Lightning strikes the potential difference, so you see not everything from the earth: they happen between clouds, inside clouds or from clouds to earth. Sometimes even up. The height of the lightning can be up to 95 kilometers, in the case of the “usual” linear lightning - up to 20 kilometers with a diameter of several tens of centimeters. The current intensity of such a lightning will be about 200 thousand Amperes, the temperature will be about 20 thousand degrees Celsius. And the weak discharge (leader) clears the way for the strong. Usually the leader hits the ground from the cloud, and the main discharge spreads in the opposite direction.

Near thunderstorms there are strong currents, lightning, hail, squalls, tornadoes and microbursts. Plus there are favorable conditions for icing, so pilots should fly around thunderstorms, since they are fairly easy to detect.

The plane, even during normal flight (outside the zone of thunderstorms), is gaining an electric charge. In crystalline clouds, for example, you can very quickly charge the board, because the plane has some properties of a large capacitor, and the cloud is “rough.” When the height changes, the electric field strength changes, and discharges between the plane and the surrounding air can be obtained. With all the protruding parts of the aircraft (for example, from the ends of the wings) can be discharged, so there are special devices that reduce this effect.

The discharge itself resembles a flash when electrowelding. It can damage communication devices, radar, can burn a hole from 1 to 20 centimeters in the case. From such strong discharges protruding parts of the aircraft usually begin to glow noticeably.

Electrification of the board can be seen by the behavior of a number of devices in advance. Usually, it is possible to avoid accumulating a strong charge, but if it suddenly began to form, the pilots shut off one radio station (so that it was a backup in case of discharge), turn on cockpit lighting (so that the flash would not blind at night) and exit the danger zone.

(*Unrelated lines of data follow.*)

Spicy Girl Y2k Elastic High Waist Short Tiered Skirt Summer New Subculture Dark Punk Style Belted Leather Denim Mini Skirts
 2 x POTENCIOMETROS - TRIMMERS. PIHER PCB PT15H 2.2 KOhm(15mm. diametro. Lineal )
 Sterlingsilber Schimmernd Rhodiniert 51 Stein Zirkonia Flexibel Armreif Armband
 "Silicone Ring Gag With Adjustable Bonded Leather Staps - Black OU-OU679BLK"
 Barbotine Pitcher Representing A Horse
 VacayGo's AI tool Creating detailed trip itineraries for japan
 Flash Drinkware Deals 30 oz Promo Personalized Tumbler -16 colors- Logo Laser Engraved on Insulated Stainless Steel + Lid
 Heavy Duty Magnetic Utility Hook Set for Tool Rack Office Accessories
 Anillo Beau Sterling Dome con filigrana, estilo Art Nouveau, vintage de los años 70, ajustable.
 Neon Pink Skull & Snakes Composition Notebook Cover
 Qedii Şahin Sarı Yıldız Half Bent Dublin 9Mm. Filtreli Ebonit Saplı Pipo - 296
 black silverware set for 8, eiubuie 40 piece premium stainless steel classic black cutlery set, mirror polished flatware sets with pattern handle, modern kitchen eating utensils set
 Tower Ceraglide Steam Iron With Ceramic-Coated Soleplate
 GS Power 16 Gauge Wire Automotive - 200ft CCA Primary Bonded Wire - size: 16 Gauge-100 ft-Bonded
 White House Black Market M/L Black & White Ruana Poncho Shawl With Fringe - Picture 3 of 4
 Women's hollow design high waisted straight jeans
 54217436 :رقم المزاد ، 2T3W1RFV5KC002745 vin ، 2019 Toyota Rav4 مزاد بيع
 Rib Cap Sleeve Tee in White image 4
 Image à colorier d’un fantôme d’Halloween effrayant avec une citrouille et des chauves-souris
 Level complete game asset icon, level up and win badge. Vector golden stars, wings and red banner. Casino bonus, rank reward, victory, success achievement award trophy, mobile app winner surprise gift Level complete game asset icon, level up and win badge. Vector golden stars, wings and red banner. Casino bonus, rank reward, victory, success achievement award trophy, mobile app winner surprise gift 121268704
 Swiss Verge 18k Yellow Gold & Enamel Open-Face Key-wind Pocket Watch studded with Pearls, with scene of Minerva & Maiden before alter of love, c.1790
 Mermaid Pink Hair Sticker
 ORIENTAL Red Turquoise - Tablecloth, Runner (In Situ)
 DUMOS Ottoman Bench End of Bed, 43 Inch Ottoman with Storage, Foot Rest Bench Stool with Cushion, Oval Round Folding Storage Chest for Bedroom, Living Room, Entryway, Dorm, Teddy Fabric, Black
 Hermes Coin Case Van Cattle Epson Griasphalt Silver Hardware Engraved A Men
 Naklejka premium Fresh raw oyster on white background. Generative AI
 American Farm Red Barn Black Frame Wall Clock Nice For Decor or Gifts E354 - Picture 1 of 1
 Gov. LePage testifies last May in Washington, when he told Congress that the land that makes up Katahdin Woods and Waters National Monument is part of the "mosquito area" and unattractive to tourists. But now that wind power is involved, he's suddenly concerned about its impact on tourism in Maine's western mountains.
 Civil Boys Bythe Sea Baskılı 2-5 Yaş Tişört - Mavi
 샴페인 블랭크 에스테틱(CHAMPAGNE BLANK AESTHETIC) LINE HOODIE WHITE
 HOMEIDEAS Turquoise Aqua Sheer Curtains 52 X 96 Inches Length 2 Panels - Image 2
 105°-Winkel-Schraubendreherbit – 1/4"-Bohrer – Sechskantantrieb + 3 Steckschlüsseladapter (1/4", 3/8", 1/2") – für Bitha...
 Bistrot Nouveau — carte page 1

We wish you a pleasant flight!


Most weather events are either predicted or detected from the board, airfield sensors or satellites. It is believed that the technical hazard factor is minimized, that is, the technique allows either to predict any dangerous situation, or to get out of it if its prediction is impossible. The last known major incident with the weather occurred during the sintering of volcanic ash inside the engine, when the board failed all four power plants. The crew coped with these minor inconveniences and successfully landed the board. There was an update of the locators, there were new rules for flying around active volcanoes. During the last major eruption in Europe, everything went relatively smoothly. Also worth noting is the recent catastrophe RRJ-95B RA-89098, there is a preliminary report on it.

In Russia, pilots and air traffic controllers take an obligatory course in meteorology and deeply professionally understand what is happening in flight around an airplane.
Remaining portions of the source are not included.